I got rid of my dewalt biscuit joiner and never missed it. In fact if you have two nice straight edges imho they are more of a hinderence than benefit.Funny when they first came out everyone wanted one, now nobody mentions them anymore.I havent seen anything about them recently have you more trouble than they are worth imho. Alistair


----------



## LeeBarker

Alistair, you're closing your eyes to the tasks that biscuit joiners do very well. It's neither the fault of the tool nor the technology that brings on (potential) issues as mentioned here. It is errors in application.

If we all would truly explore the full use of any woodworking power tool on the market, we would find that each one has a sweet spot, some of which are wider than others.

That said, you are certainly entitled to tossing yours over the fence. But let's not denigrate the tool without really knowing what it can do.

Kindly,

Lee


----------



## DeansDust

I love using biscuits- have for over the 20 years since I added them to my skill sets. Just bought a new PC, but suuuure loved my old Dewalt that got sold when I retooled my shop. Dominoes? I just can't go there yet…

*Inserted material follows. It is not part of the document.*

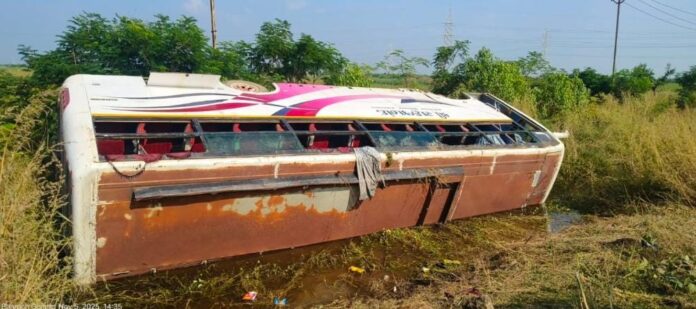 bfb70114-3e02-46b9-9b9d-3a8aba7706f7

Up to my ears in wood crumbs


----------



## Acad47

Hola vivo en Mexico, y tengo una engalletadora Makita, las galletas me han funcionado,bien y mal, en los casos negativos es por un error de la maquina, y cuando el resultado es positivo me pone feliz¡ he visto en promociones la domino festol (!QUIERO UNA¡) aqui es muy cara, espero algun dia poder adquirirla, pero la verdad tendria las dos sin problema, un saludo desde Mexico


----------



## OSU55

For gluing flat panels/table tops, I have used biscuits or dowels, thinking they would keep the boards aligned to reduce material removal to get a flat surface. Both are a pita imho. Biscuits did not provide the alignment expected, and the machine requires a lot of care to get the slots right. Dowels have to be exact or the joint can't be made. For long grain, neither add strength to the joint. I plane all boards to the same thickness and use shop made clamping cauls to keep the boards aligned. Provides the best alignment and is much faster than biscuits or dowels. I use a jointer plane to then get a very flat surface - much faster and more accurate then sanding. Biscuit joiners may have their place, but flat panel glue ups is not one of them.


----------



## joeyinsouthaustin

Biscuits have their place. I am with *Lee* on this one. I don't use them in table top glueups, just clamps and cauls. I use them in endgrain boards for added strength, and in MDF built in closet construction, to strengthen joints many ways, Including 90 degree applications. That is my 2 cents.


----------



## redSLED

When I started making furniture years back, I used dowels (with glue) if the edge thickness was around 1" - 1 1/4" or less. I figured anything thicker using just glue would give enough strength - which I have found to be generally true in my past projects. For glue ups using dowels, over time I got better at accurately drilling, placing dowels and boring the holes if needed. Thus I never bothered investigating biscuits since my board glue ups were within my expectations of successful alignment. The dowels do indeed add more strength to the joint, IMO, so I won't bother arguing with anyone who thinks otherwise. As a general rule, I never used dowels thicker than 50% of the edge thickness. And being usually hardwood they don't soak up moisture and expand like biscuits do. Then I tried biscuits later on, thinking their use might speed up my assembly time somehow. Compared to my 'old dowel system', using the plate jointer and biscuits was not really much faster for me, and I still preferred my method of 'finessing' dowels in the dry fit stage vs. making sure my borrowed Freud biscuit jointer was set up properly and cutting accurately. And so I never bought my own or used another brand/model of biscuit jointer since.

Having read about others' board edge glue up frustrations with biscuits, plus considering the cost of adding yet another specialized power tool to the workshop, I'm very inclined to keep using dowels for edge glue ups between 5/8" - 1 1/4", and none for thicker edge glue ups. Never had any separation issues so far, and I've used regular carpenter's yellow glue mostly, and Titebond whenever I can for client projects. My 2 cents.


----------



## Manitario

I've found that properly jointed edges and use of cauls in the glue up works well so I've never been tempted to use the joiner for this. Just seems like an extra, unnecessary step.


----------



## sgmdwk

As a longtime Norm fan, I bought a Dewalt biscuit jointer years ago, and used to routinely use it to help align edge glue-ups. The last couple of years, I just drifted away from using it for that application. I find I am now more likely to use the jointer and its case as a weight to hold things down - like a concrete block with a handle on it (grin).


----------